Mechanisms of Select Antibody-Antigen Assays | ||
---|---|---|
Type of Assay | Mechanism | Example |
Agglutination | Direct: Antibody is used to clump bacterial cells or other large structures | Serotyping bacteria |
Indirect: Latex beads are coupled with antigen or antibody to look for antibody or antigen, respectively, in patient serum | Confirming the presence of rheumatoid factor (IgM-binding Ig) in patient serum | |
Hemagglutination | Direct: Some bacteria and viruses cross-link red blood cells and clump them together | Diagnosing influenza, mumps, and measles |
Direct Coombs’ test (DAT): Detects nonagglutinating antibodies or complement proteins on red blood cells in vivo | Checking for maternal antibodies binding to neonatal red blood cells | |
Indirect Coombs’ test (IAT): Screens an individual for antibodies against red blood cell antigens (other than the A and B antigens) that are unbound in a patient’s serum in vitro | Performing pretransfusion blood testing | |
Viral hemagglutination inhibition: Uses antibodies from a patient to inhibit viral agglutination | Diagnosing various viral diseases by the presence of patient antibodies against the virus | |
Blood typing and cross-matching: Detects ABO, Rh, and minor antigens in the blood | Matches donor blood to recipient immune requirements |
In the major cross-match, we mix ________ with the donor red blood cells and look for agglutination.
patient serum
Coombs’ reagent is an antiserum with antibodies that bind to human ________.
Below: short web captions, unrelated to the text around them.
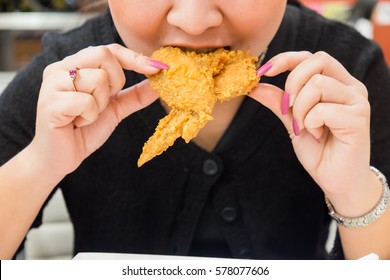 Eating Delicious Fried Chicken Wing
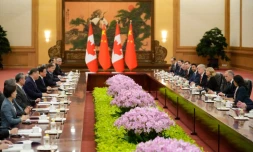 Le président chinois Xi Jinping (au centre à g.) et le Premier ministre canadien Mark Carney (2e à d.) participent à une réunion au Palais du peuple à Pékin, le 16 janvier 2026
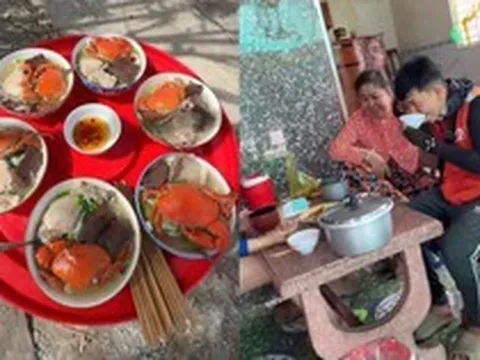 Thợ xây được đãi mâm cua, shipper quen được gọi vô ăn cơm: Một kiểu hiếu khách rất miền Tây khiến dân mạng thích thú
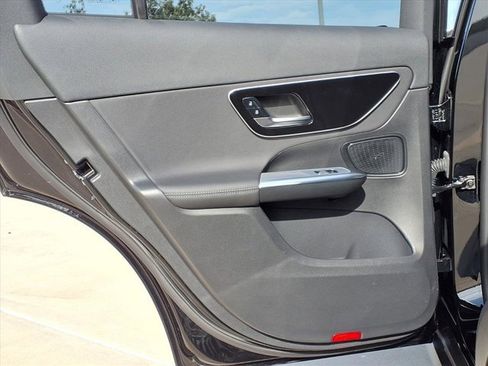 Used 2025 Mercedes-Benz GLC 300 image 17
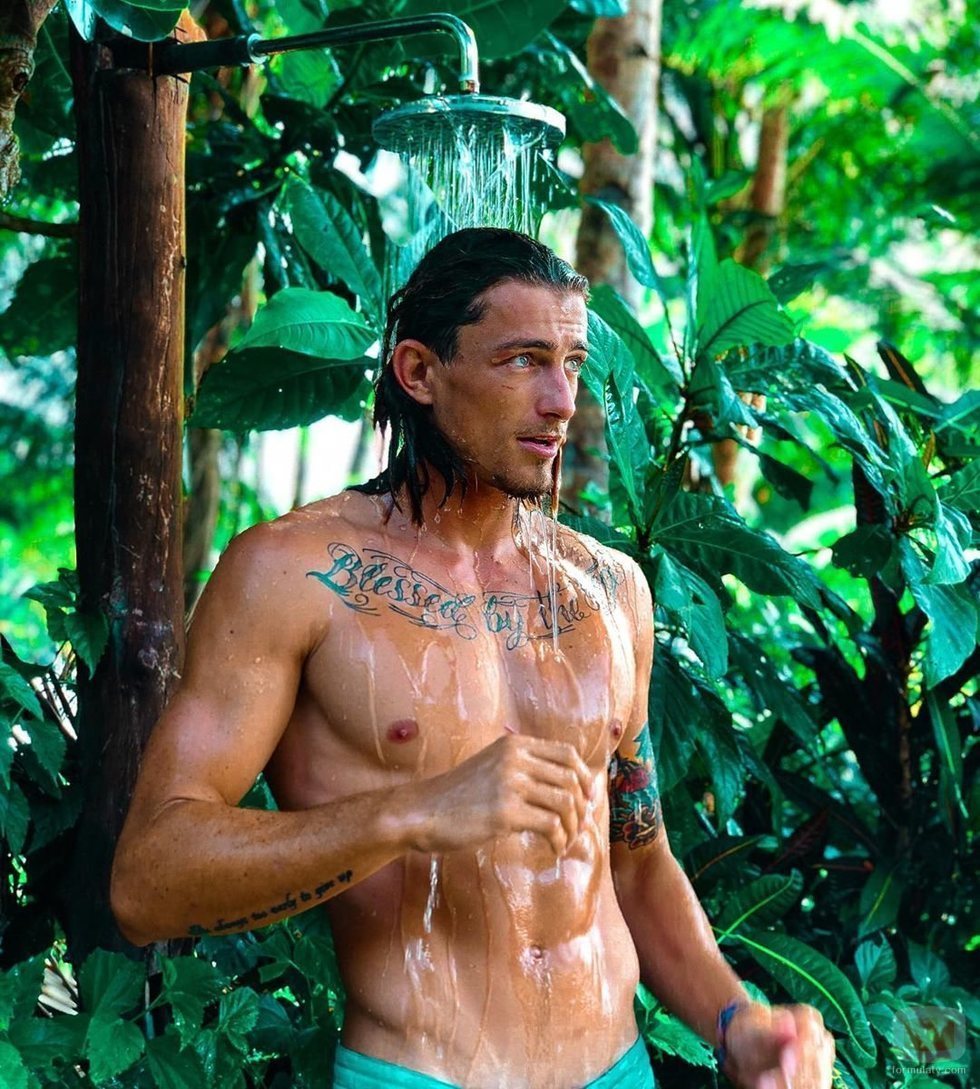 Lewis de 'La isla de las tentaciones', muy sexy bajo la ducha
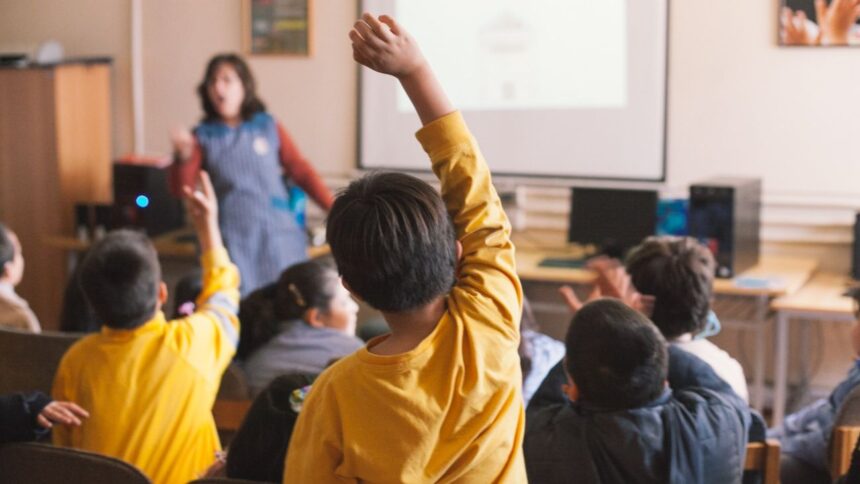 Aumento de los montos del Bono Logro Escolar en Chile 2024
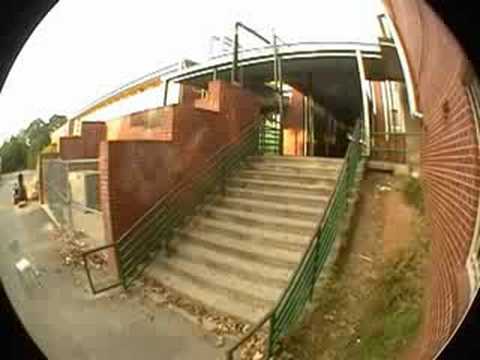 Stefan Switch Heelflipping a 12 set and Back 180 d...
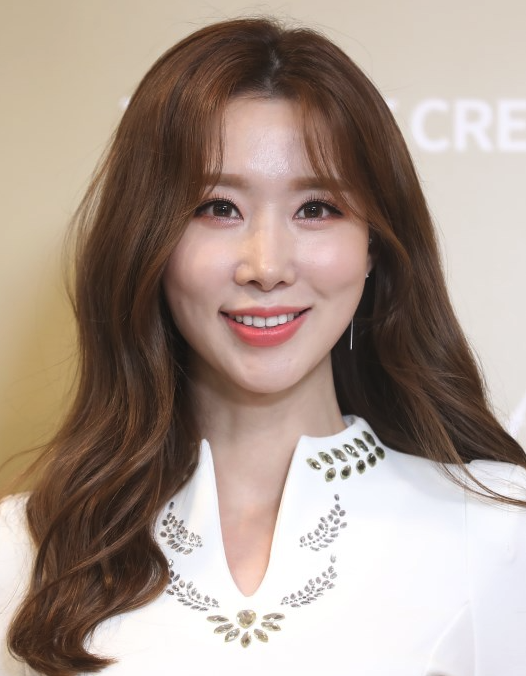  아나운서 진달래 프로필 나이 키 몸매 방송활동 학력 인스타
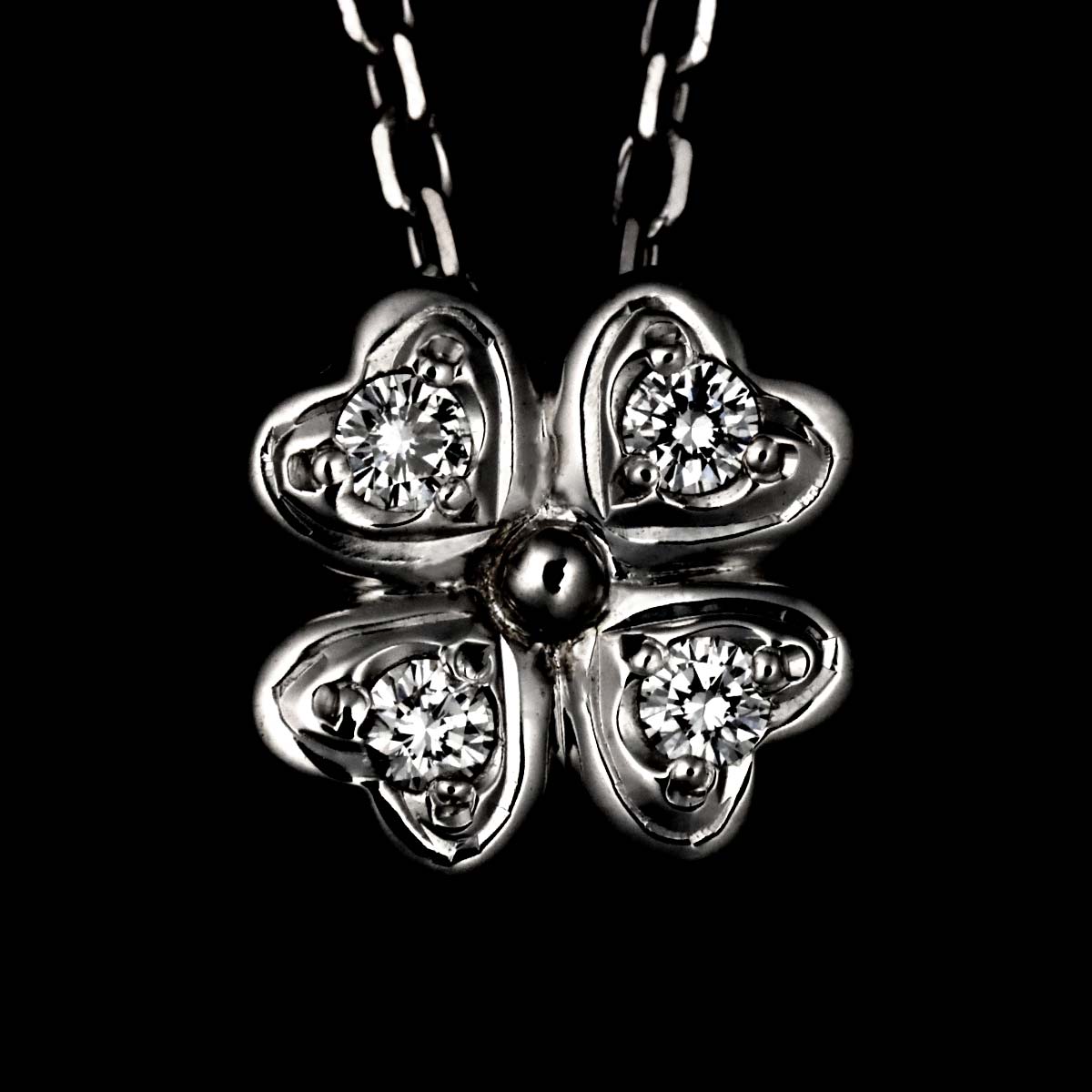 Diamond 0.07ct Clover Necklace 18K White Gold 750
immunoglobulins/antibodies and/or complement
Explain why the titer of a direct hemagglutination assay is the highest dilution that still causes hemagglutination, whereas in the viral hemagglutination inhibition assay, the titer is the highest dilution at which hemagglutination is not observed.
Why would a doctor order a direct Coombs’ test when a baby is born with jaundice?